23,000), the case involved a basic educational issue: should religion be taught in public schools? The McCollum in the case was the slight, 32-year-old wife of an assistant professor of horticulture at the University of Illinois, Mrs. Vashti McCollum. Last year, she complained, her son Terry had been "embarrassed" and "ostracized" by his schoolmates because she refused to let him attend the school's religious classes (Jews and Catholics usually leave school to go to classes of their own). Mrs. McCollum sued to have the religious training banned altogether. Said she: the classes waste taxpayers' money, and discriminate against minority faiths. Further, she argued, the classes are an unconstitutional merger of church and state.
The first days in court Mrs. McCollum's lawyer called in a Presbyterian, a Methodist, a Lutheran, a Jehovah's Witness, a Quaker, a Fundamentalist, a Christian Scientist, to prove that Champaign's religious teaching discriminated against their faiths; but several of the witnesses said just the opposite.

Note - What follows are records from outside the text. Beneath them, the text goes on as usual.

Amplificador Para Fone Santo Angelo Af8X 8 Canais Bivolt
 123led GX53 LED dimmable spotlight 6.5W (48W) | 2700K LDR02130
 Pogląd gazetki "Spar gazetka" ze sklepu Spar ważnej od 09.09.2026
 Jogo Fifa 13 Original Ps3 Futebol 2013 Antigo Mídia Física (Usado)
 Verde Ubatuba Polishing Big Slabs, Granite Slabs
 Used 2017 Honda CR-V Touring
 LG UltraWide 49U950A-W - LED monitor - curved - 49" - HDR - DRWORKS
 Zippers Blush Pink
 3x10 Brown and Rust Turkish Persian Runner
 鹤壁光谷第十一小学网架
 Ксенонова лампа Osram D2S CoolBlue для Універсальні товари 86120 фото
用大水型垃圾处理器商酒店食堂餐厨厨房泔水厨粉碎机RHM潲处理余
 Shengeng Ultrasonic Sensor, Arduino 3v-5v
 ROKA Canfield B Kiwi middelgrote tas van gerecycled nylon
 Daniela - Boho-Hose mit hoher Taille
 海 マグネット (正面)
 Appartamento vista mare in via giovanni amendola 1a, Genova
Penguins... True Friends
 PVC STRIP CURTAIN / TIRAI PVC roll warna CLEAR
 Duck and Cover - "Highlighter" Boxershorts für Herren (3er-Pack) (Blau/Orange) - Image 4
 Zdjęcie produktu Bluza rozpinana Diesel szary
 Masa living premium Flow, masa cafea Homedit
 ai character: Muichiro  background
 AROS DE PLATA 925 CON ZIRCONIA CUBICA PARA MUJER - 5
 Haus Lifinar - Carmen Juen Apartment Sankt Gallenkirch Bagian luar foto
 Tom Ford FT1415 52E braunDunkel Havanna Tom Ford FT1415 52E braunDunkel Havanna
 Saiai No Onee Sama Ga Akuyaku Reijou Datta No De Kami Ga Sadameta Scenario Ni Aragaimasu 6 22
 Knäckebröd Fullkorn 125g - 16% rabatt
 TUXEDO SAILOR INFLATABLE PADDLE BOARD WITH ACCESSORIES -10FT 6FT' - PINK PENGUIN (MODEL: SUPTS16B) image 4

The school-board lawyers then tried to show that the issue was not between sects, but between religion v. atheism. They succeeded with Mrs. McCollum's father, Arthur G. Cromwell, who is president of the Rochester (N.Y.) Society of Free Thinkers. (Last spring he got religious training abolished in three upstate New York towns.) Mr. Cromwell would only "affirm" to tell the truth, instead of swearing by God. Then he testified to his beliefs that the story of Adam and Eve is fictitious, the Flood a scientific impossibility and the Resurrection a physical impossibility. He declared: "I am proud to say that I am [an atheist]."
Next on the stand was ten-year-old Terry McCollum, who also "affirmed" to the truth.
"Did you ever go to Sunday school?" asked a lawyer.
"Once, but not any more," said Terry.
"Why not?"
"I'd feel kind of funny sitting there being an atheist."
"What is an atheist?"
"Oh, a guy who doesn't believe in God, or the Bible, or stuff."
"Isn't it fun being an atheist?"
"Well, in a way it is, and in a way it ain't."
Then came Mrs. McCollum. "I have not accepted belief in God myself," said she, "but I have never consciously ridiculed religion." She had gone to court, she said, because she "felt deeply" that church and state should be separate.
The three Circuit Court judges who heard the case postponed decision. Each side threatened to carry the case to the U.S. Supreme Court if it lost.